▶ **Activity**: Copy out all lines of the records in which the word "from" appears.
Start of Data for the task
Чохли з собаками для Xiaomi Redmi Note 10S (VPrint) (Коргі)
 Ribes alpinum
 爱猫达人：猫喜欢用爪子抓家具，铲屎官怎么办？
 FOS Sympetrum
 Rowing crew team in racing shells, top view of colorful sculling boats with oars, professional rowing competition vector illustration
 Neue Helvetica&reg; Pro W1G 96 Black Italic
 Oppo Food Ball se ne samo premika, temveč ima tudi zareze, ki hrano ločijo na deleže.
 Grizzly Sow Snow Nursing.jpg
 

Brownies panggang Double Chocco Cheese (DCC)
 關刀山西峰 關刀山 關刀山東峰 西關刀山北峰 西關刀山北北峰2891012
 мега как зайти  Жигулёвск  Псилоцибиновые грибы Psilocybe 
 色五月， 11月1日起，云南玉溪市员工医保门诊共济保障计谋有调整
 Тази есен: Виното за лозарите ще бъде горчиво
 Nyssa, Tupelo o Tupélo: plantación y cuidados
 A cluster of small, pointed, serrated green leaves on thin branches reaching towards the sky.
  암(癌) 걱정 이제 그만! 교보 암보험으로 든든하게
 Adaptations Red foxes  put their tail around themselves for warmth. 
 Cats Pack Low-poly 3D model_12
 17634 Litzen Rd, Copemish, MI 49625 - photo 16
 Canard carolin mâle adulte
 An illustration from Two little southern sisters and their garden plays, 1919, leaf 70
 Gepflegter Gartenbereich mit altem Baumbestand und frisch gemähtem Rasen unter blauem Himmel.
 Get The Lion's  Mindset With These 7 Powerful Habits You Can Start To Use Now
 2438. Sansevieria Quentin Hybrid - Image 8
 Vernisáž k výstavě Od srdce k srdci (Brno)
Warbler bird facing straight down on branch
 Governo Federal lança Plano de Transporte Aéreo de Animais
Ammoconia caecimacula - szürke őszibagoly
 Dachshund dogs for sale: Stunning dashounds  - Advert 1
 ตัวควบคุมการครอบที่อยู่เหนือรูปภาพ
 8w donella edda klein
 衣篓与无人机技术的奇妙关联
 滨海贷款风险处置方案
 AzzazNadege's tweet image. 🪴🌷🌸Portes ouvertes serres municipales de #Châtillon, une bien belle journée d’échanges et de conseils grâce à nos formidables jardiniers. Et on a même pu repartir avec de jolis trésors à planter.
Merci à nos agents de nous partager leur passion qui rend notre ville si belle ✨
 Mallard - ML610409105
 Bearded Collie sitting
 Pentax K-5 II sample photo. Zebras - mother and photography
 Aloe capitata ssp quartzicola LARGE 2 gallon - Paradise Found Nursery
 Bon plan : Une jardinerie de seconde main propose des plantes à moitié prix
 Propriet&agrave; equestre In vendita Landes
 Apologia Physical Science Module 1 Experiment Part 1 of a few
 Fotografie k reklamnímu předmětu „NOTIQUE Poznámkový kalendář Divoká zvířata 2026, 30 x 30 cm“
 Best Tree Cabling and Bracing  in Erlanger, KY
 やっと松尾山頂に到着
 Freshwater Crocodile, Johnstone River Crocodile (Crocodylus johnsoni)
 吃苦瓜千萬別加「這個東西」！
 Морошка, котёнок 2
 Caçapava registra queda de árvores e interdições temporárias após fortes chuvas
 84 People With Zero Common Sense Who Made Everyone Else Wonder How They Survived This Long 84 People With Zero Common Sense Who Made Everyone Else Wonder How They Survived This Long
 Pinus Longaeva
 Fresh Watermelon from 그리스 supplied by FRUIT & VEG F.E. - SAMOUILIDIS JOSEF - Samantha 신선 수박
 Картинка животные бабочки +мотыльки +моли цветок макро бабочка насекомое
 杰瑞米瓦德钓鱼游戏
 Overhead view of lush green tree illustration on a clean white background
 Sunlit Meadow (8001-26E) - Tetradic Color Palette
End of Data for the task
▶ **Solution to this problem**:
 An illustration from Two little southern sisters and their garden plays, 1919, leaf 70
 Fresh Watermelon from 그리스 supplied by FRUIT & VEG F.E. - SAMOUILIDIS JOSEF - Samantha 신선 수박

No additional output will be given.